(COLLECTED DATA Opens)

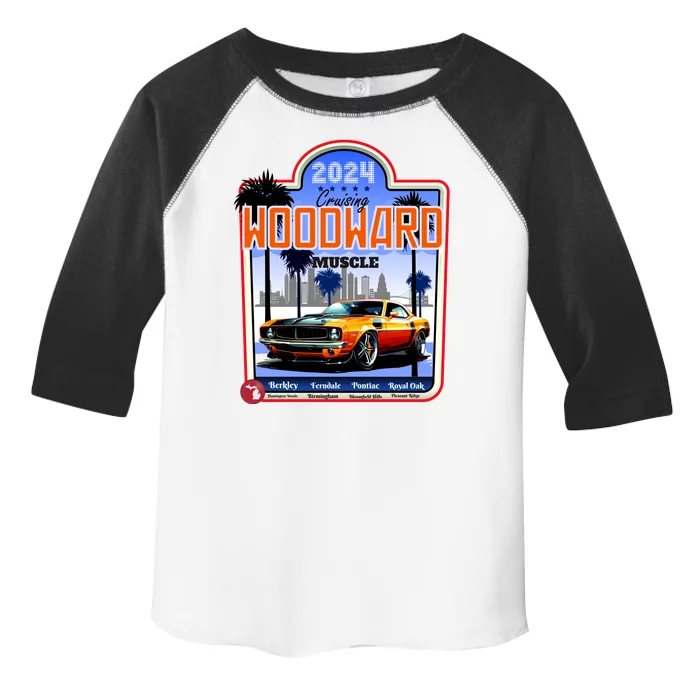 2024 Cruising Woodward Muscle Car Scenic Toddler Fine Jersey T-Shirt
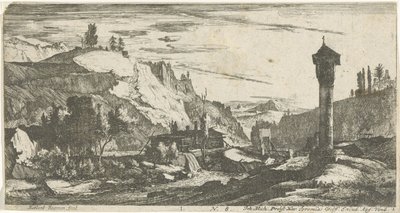 柱のある山岳風景 チロルの風景（連載タイトル） 作： Roelant Roghman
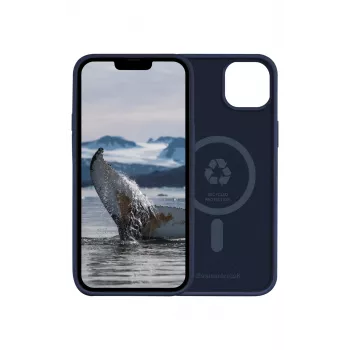 Cover dbramante1928 Monaco iPhone 14 Plus Pacific Blue Monochromatic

(COLLECTED DATA Closes)

_TASK PROMPT_: Skip every picture, and give the rest of the material above again exactly.

_SOLUTION FOR THIS TASK_:
 2024 Cruising Woodward Muscle Car Scenic Toddler Fine Jersey T-Shirt
 柱のある山岳風景 チロルの風景（連載タイトル） 作： Roelant Roghman
 Cover dbramante1928 Monaco iPhone 14 Plus Pacific Blue Monochromatic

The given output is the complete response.